____ Recorded information

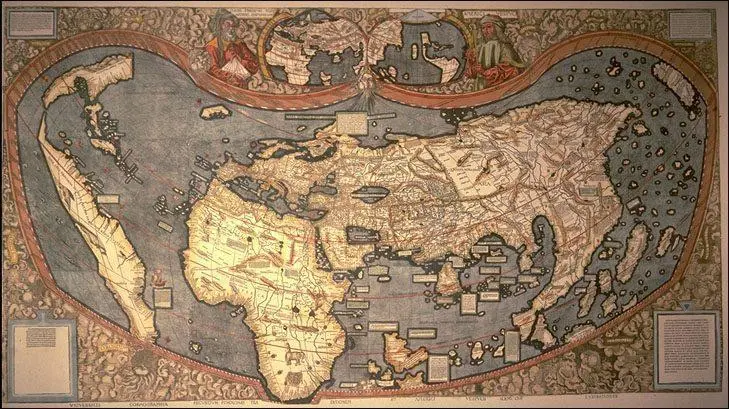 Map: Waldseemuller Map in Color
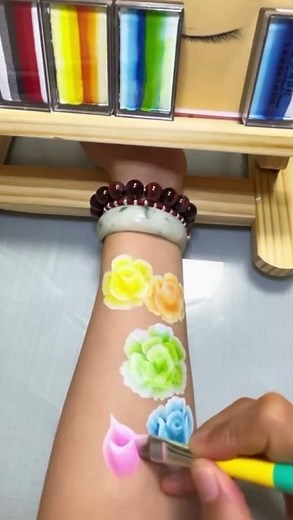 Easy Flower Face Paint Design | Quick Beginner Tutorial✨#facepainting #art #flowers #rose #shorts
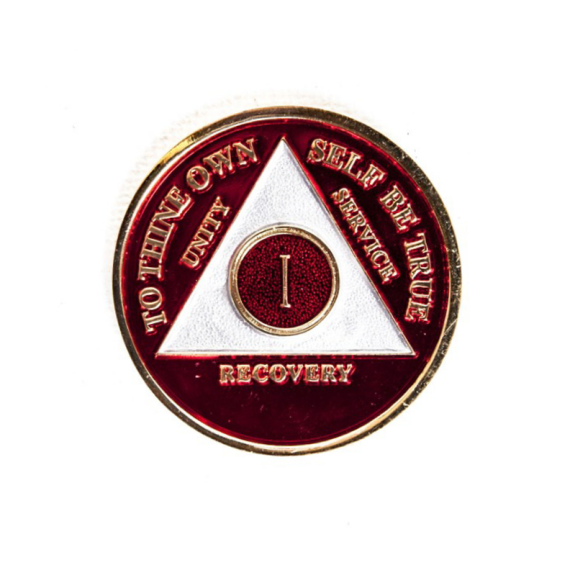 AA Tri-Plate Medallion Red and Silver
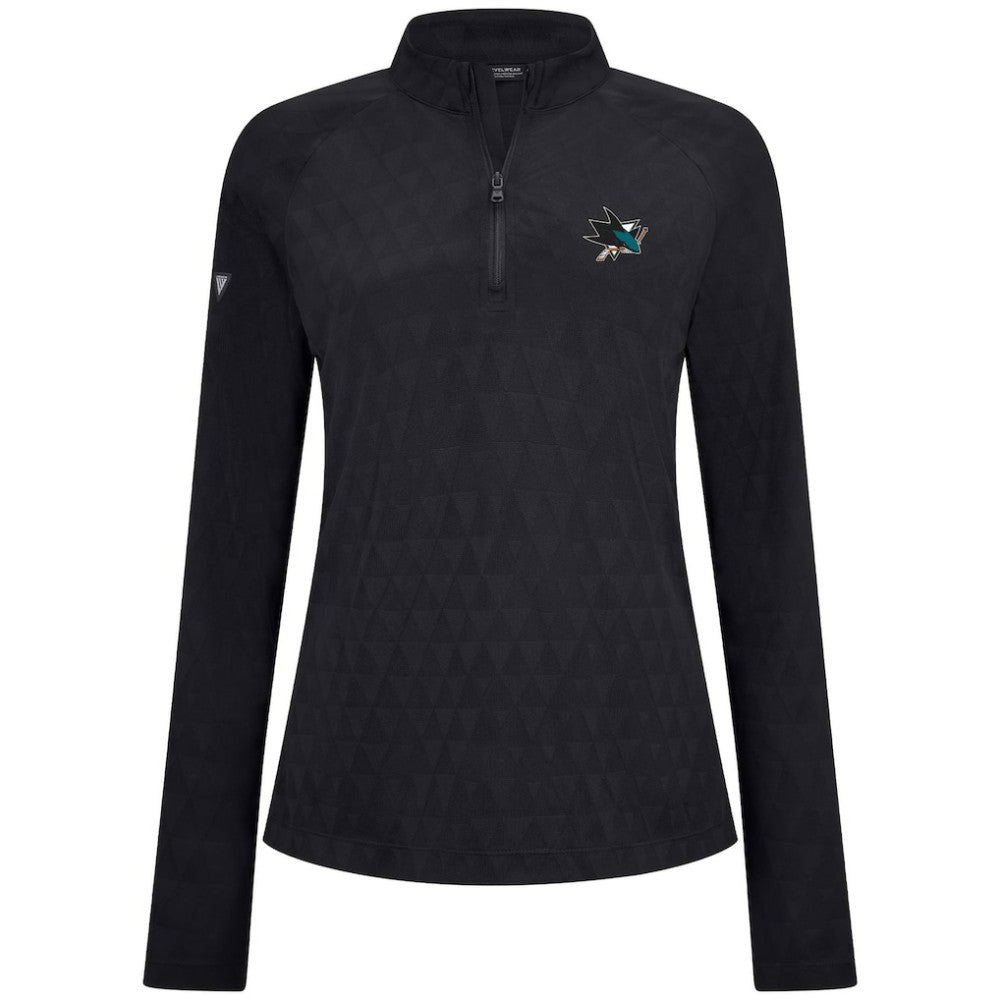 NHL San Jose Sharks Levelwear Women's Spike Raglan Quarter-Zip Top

________

§ **Description of the task**
Pictures excluded, write out exactly and only the lines of the material from the one containing "AA Tri-Plate Medallion Red and Silver" up to and including the last line.

§ **Task answer**
 AA Tri-Plate Medallion Red and Silver
 NHL San Jose Sharks Levelwear Women's Spike Raglan Quarter-Zip Top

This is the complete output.